*** DATASET ENTRIES ***
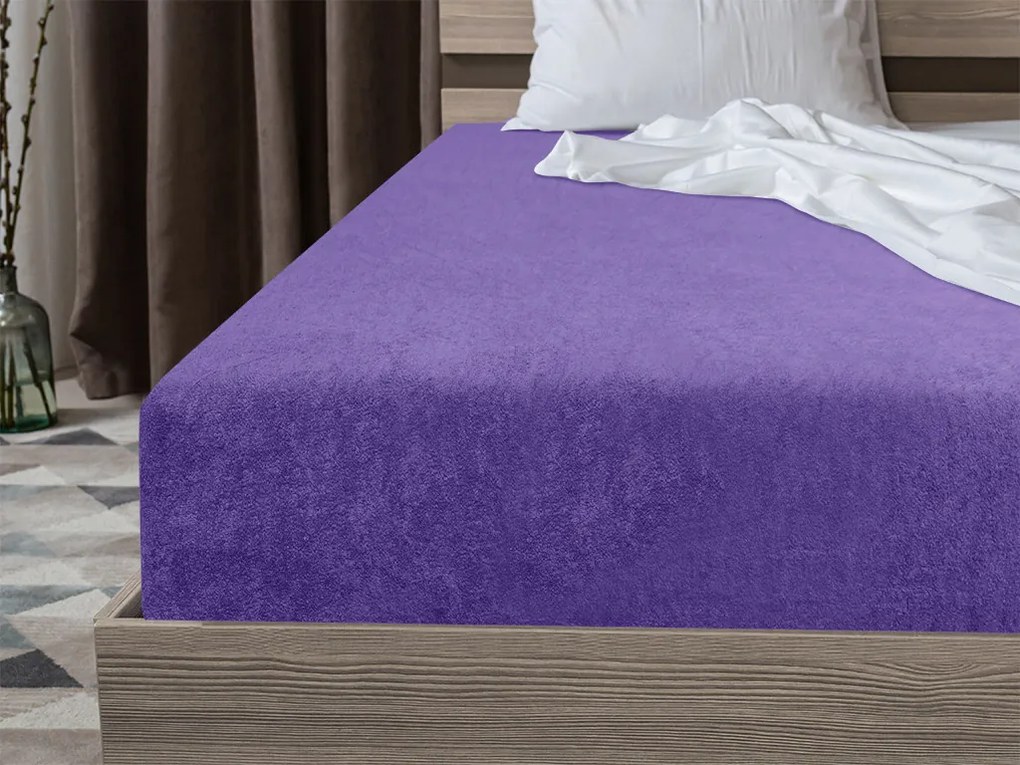 PrzytulneMieszkanie.pl Prześcieradło frotte EXCLUSIVE ciemnofioletowe 90 x 200 cm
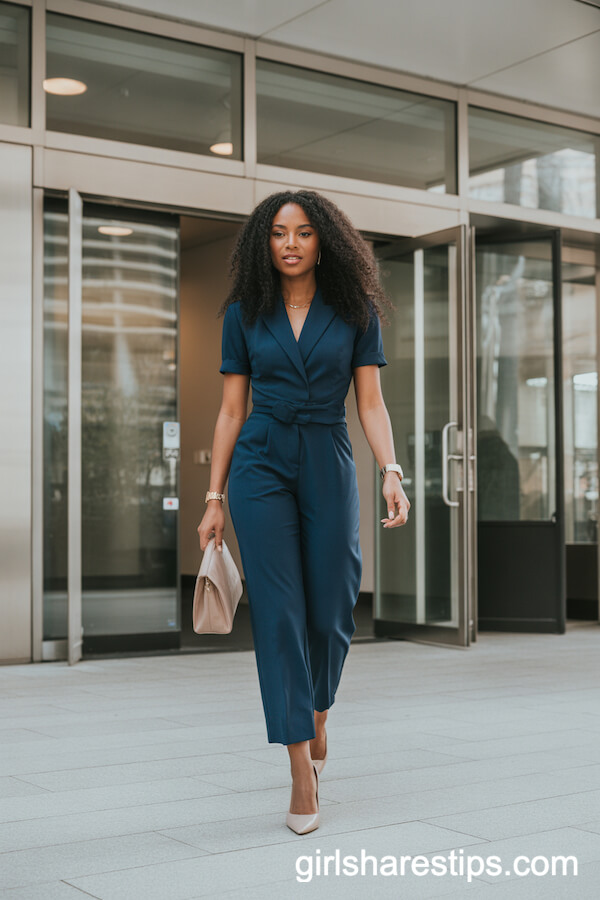 Navy Blue Jumpsuit with Nude Pumps Work Ensemble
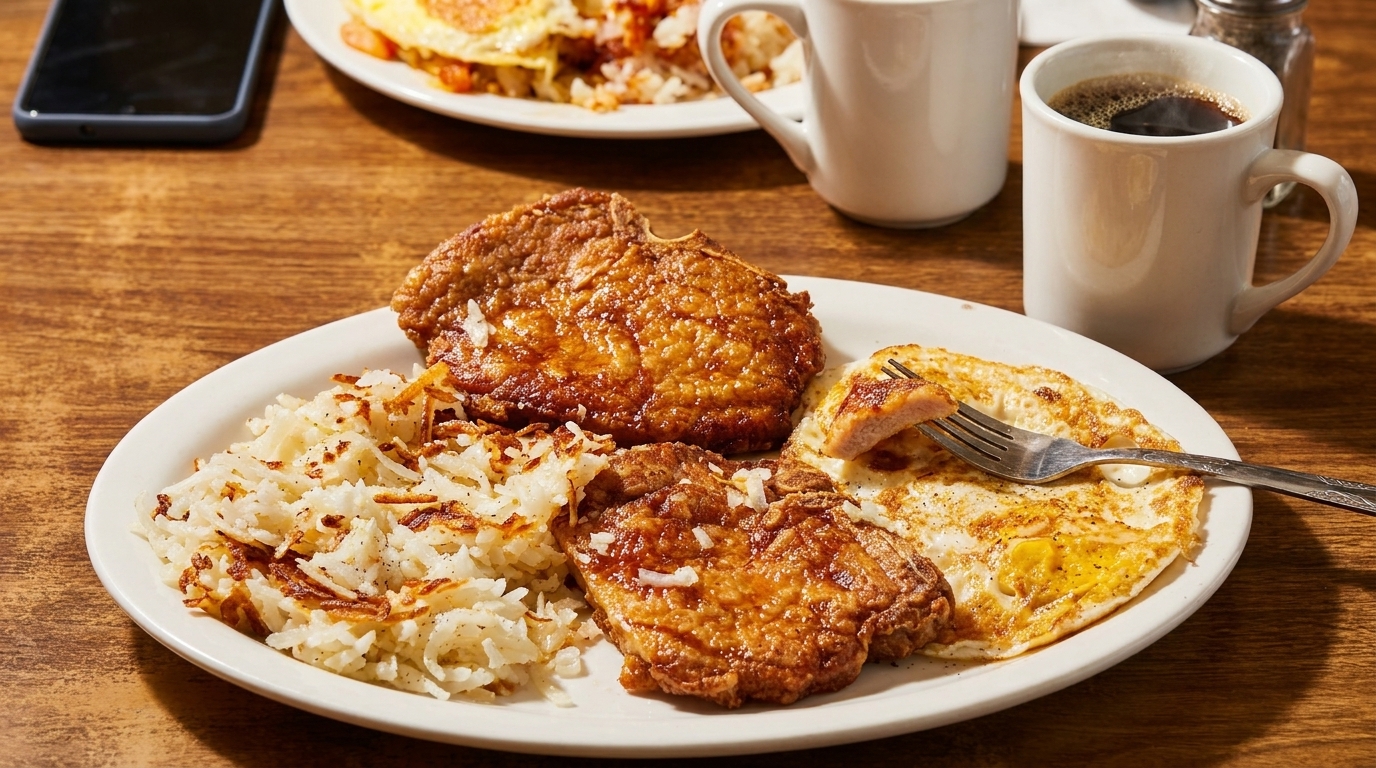 Two fried pork chops, hash browns, and fried eggs with a fork on a white plate.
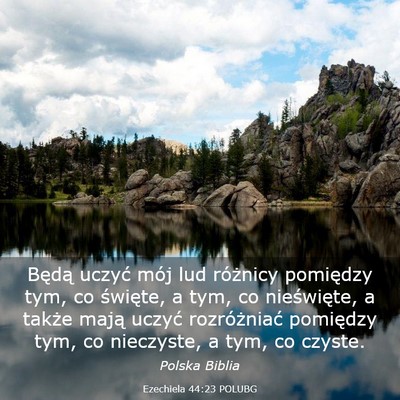 Picture 03 - Ezechiela 44:23 POLUBG - Będą uczyć mój lud różnicy pomiędzy tym, - Bible Verse Picture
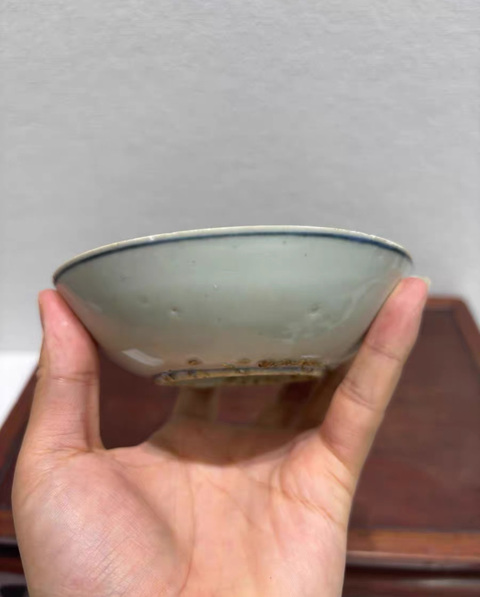 古玩陶瓷青花犀牛望月紋盤真品鑒賞圖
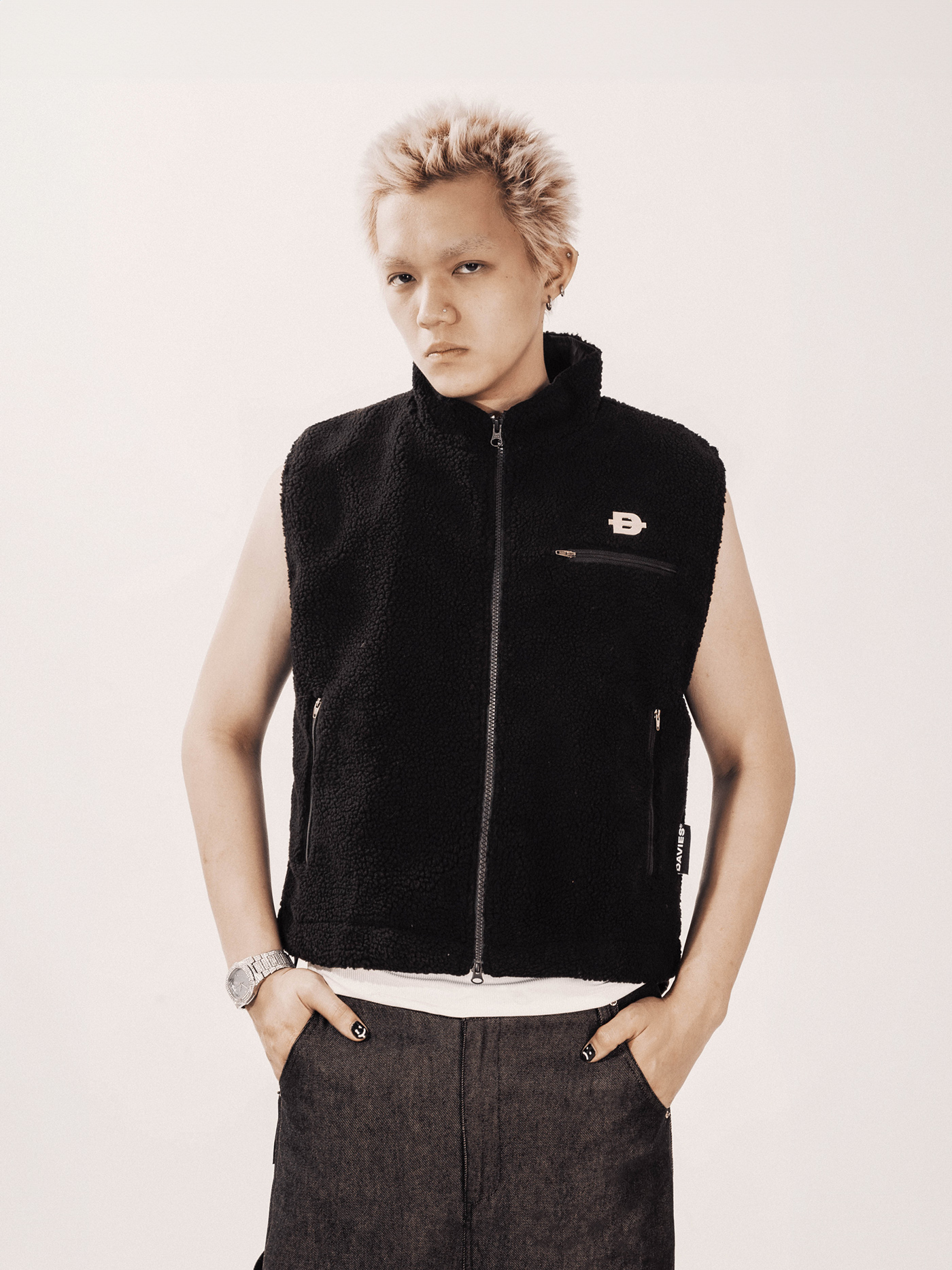DSW Fleece Zip-Up Vest Jacket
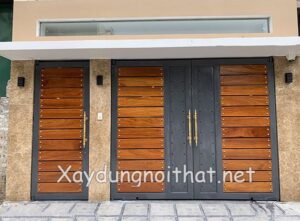 Mẫu cửa cổng sắt 4 cánh giả gỗ đẹp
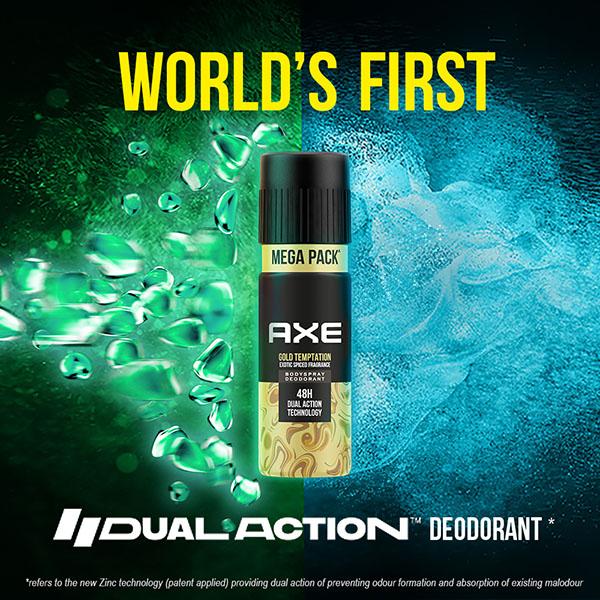 Axe Gold Temptation Long Lasting Deodorant Bodyspray For Men 215 ml - Men Deodorants/Roll-Ons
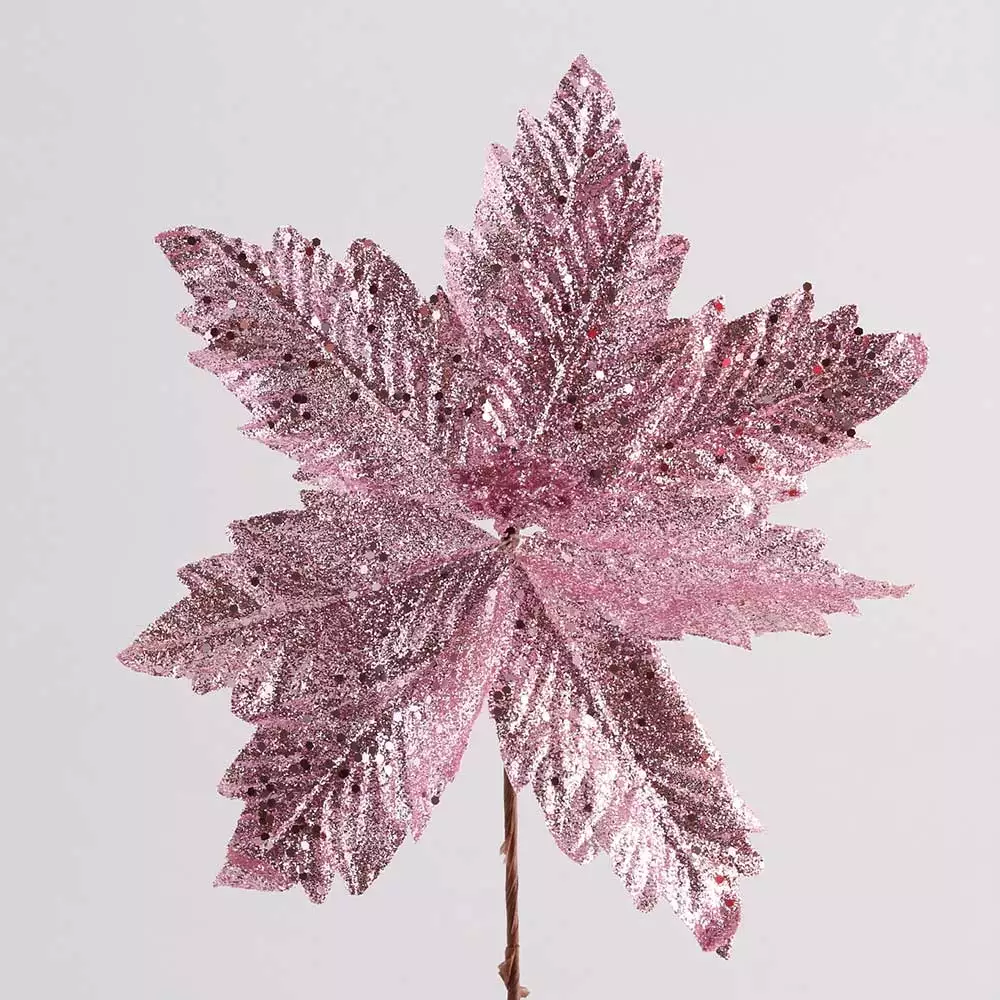 Flor Miro Christmas Poinsettia 30Cm Rosado Tela 831-Amx044-24117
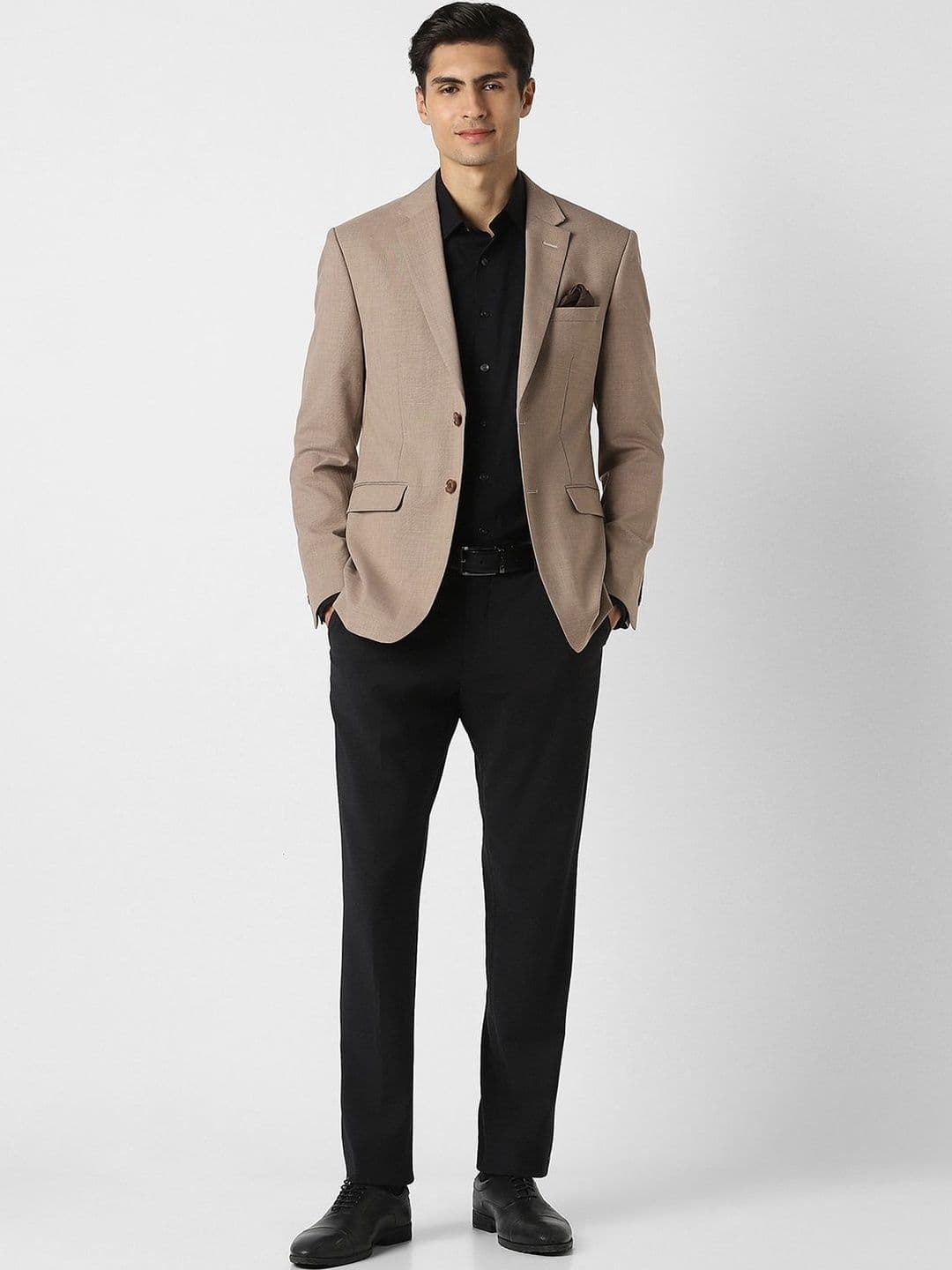 Peter England Elite Self Design Notched Lapel Slim Fit 2 Piece Blazer and Trousers Suits - view 1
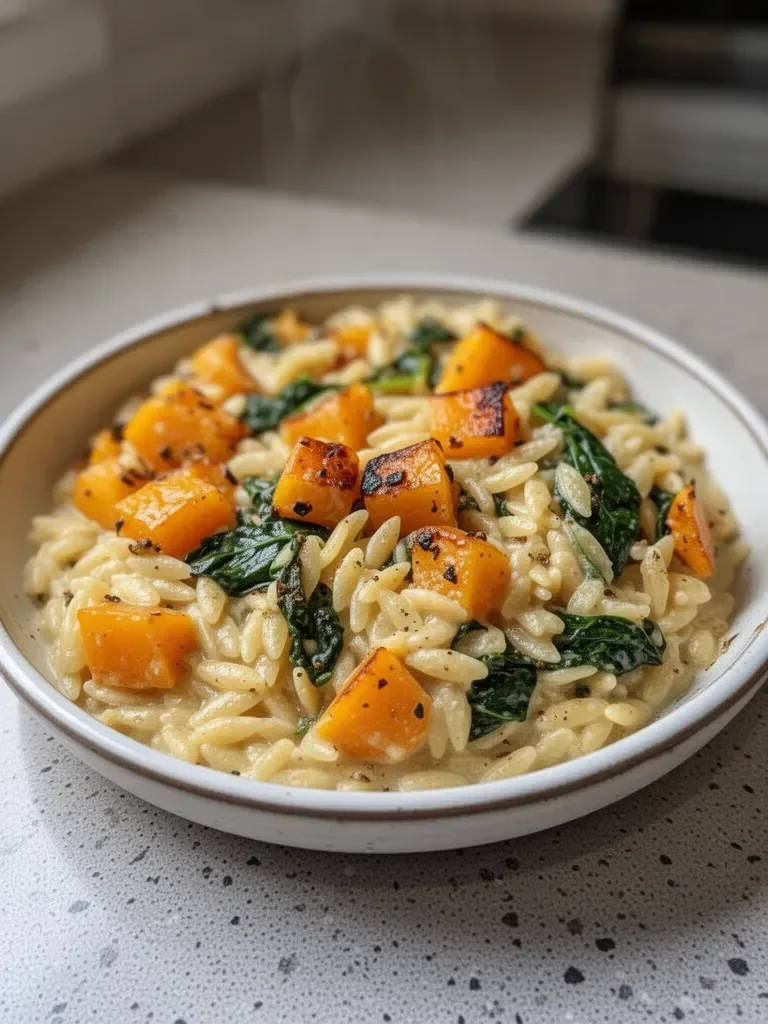 Creamy Orzo with Roasted Butternut Squash and Spinach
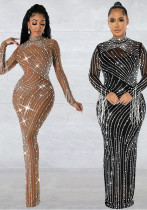 Spring Women's Sexy Mesh Beaded Nightclub Party Long Dress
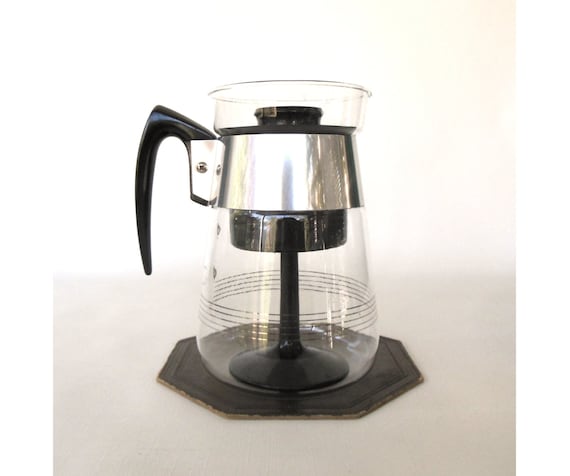 Corning Percolator Coffee Pot Clear Glass Carafe Bakelite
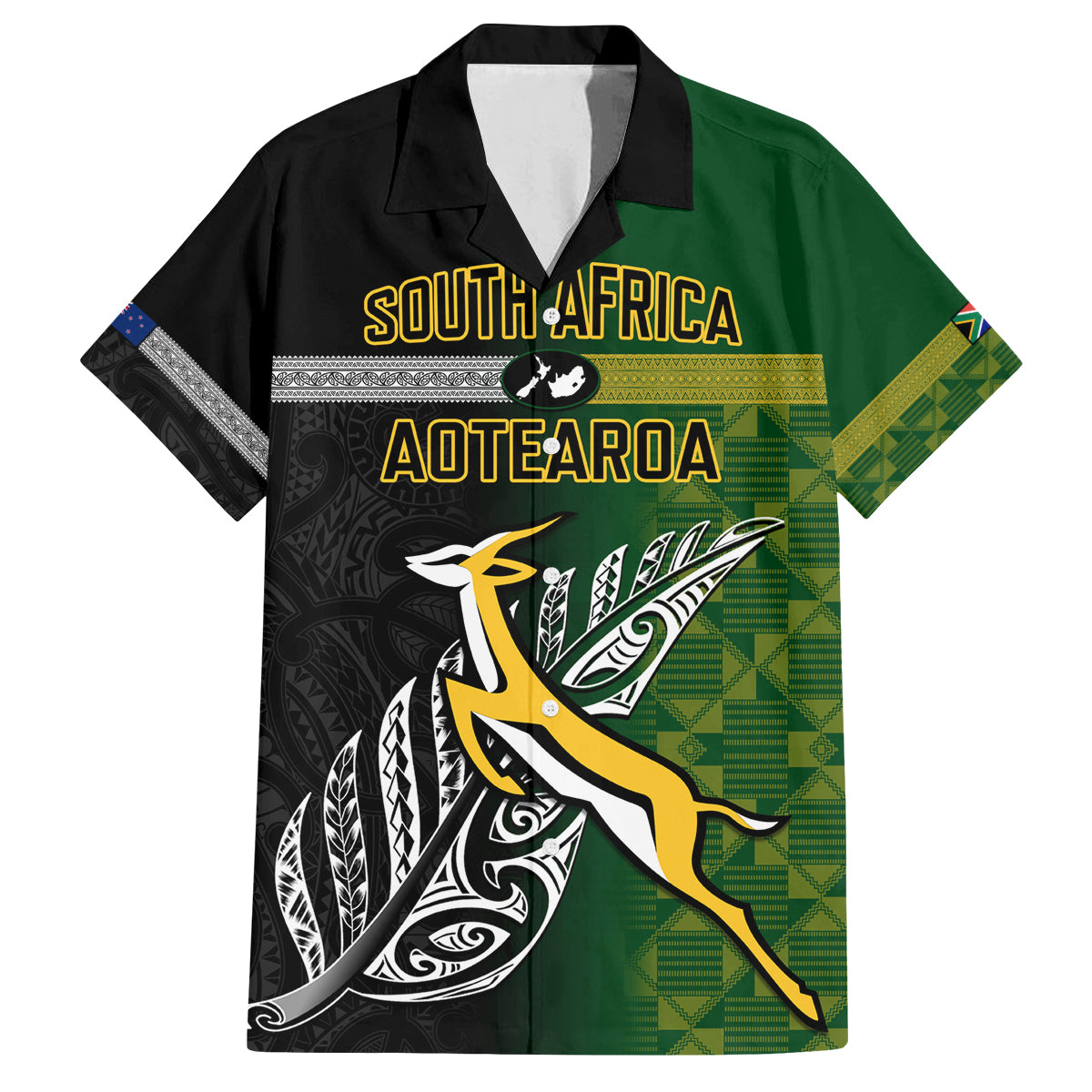 personalised-new-zealand-and-south-africa-rugby-family-matching-off-shoulder-maxi-dress-and-hawaiian-shirt-2023-world-cup-final-all-black-springboks-together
***
■ **WHAT IS BEING ASKED**: Would you please write out exactly the lines between the line containing "Flor Miro Christmas" and the last line of the listing above, inclusive, without pictures?

■ **RESULT**:
 Flor Miro Christmas Poinsettia 30Cm Rosado Tela 831-Amx044-24117
 Peter England Elite Self Design Notched Lapel Slim Fit 2 Piece Blazer and Trousers Suits - view 1
 Creamy Orzo with Roasted Butternut Squash and Spinach
 Spring Women's Sexy Mesh Beaded Nightclub Party Long Dress
 Corning Percolator Coffee Pot Clear Glass Carafe Bakelite
 personalised-new-zealand-and-south-africa-rugby-family-matching-off-shoulder-maxi-dress-and-hawaiian-shirt-2023-world-cup-final-all-black-springboks-together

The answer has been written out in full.